One important consideration for our analysis is the policy stance of the ECB, as its quantitative easing and Mario Draghi’s famous “whatever it takes” speech of July 2012 clearly affected euro area debt prices. However, although ECB actions had a calming effect on the spreads of peripheral countries, they did not eliminate country risk. The spreads of peripheral countries after July 2012 bear witness to this; they were still above 200 basis points in 2013 and in most cases above 100 basis points in 2015 and 2016 (see also Schnabel 2020). 

References

Bank for International Settlements (2020), “A global sudden stop”, Annual Economic Report.

Bolton, P, L C Buchheit, P-O Gourinchas, M Gulati, C-T Hsieh, U Panizza and B Weder di Mauro (2020a), “Born Out of Necessity: A Debt Standstill for Covid-19”, CEPR Policy Insight No. 103.

Bolton, P, M Gulati, and U Panizza (2020b) “Legal Air Cover,” CEPR Discussion Paper 15336.  

Buchheit, L and M Gulati (2019) “Sovereign Debt Restructuring and US Executive Power”, Capital Markets Law Journal 14: 114-130.
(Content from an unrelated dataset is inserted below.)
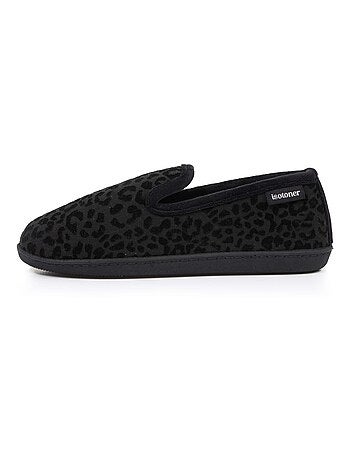 Zapatillas charentaises plantilla ergonómica confort, cálida mujer Isotoner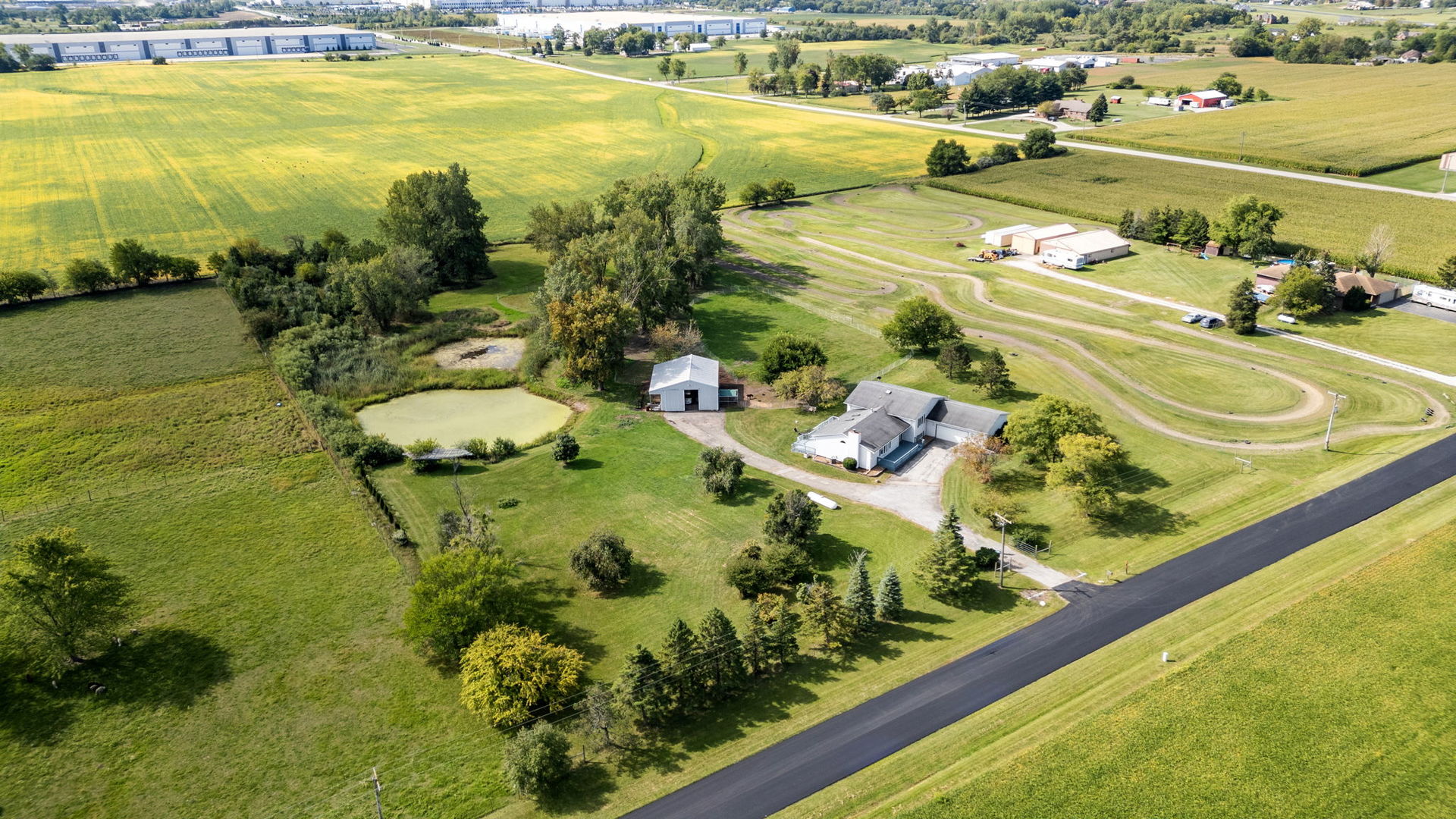 6237 W Dralle Road, Monee, IL 60449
Edwards, S (2018) American Default: The Untold Story of FDR, the Supreme Court, and the Battle over Gold, Princeton University Press

Hevia, C and P A Neumeyer (2020), “A perfect storm: COVID-19 in emerging economies,” VoxEU.org, 21 April. https://voxeu.org/article/perfect-storm-covid-19-emerging-economies

IMF (2020), “The International Architecture for Resolving Sovereign Debt Involving Private-Sector Creditors—Recent Developments, Challenges, And Reform Options”, Policy Paper No. 2020/043.

Kroszner, R (1998), “Is it Better to Forgive Than Receive? Repudiation of the Gold Indexation Clause in Long-Term Debt During the Great Depression”, CRSP Working Paper 481.

Lang, V, D Mihalyi, and A Presbitero (2020) “Debt Relief, Liquidity Provision, and Sovereign Bond Spreads”.

Schnabel, I (2020), “The ECB’s Independence in Times of Mounting Public Debt”, ECB Interview. 

Weidemaier, M and M Gulati (2020) “Necessity and the Covid-19 Pandemic”, Capital Markets Law Journal 15: 277-283. 

Zettelmeyer, J, C Trebesch and M Gulati (2013), “The Greek Restructuring: An Autopsy”, Economic Policy 28: 513-563.

Endnotes

1 Note that we are interested in understanding whether the precedent set by the Greek decision would have negative spillover effects on neighboring countries that were perceived to be at risk of financial distress. We do not explore the immediate effect on Greece itself following the retrofit, because it is not possible to separate the direct effect of the retrofit itself from the underlying crisis that caused the intervention.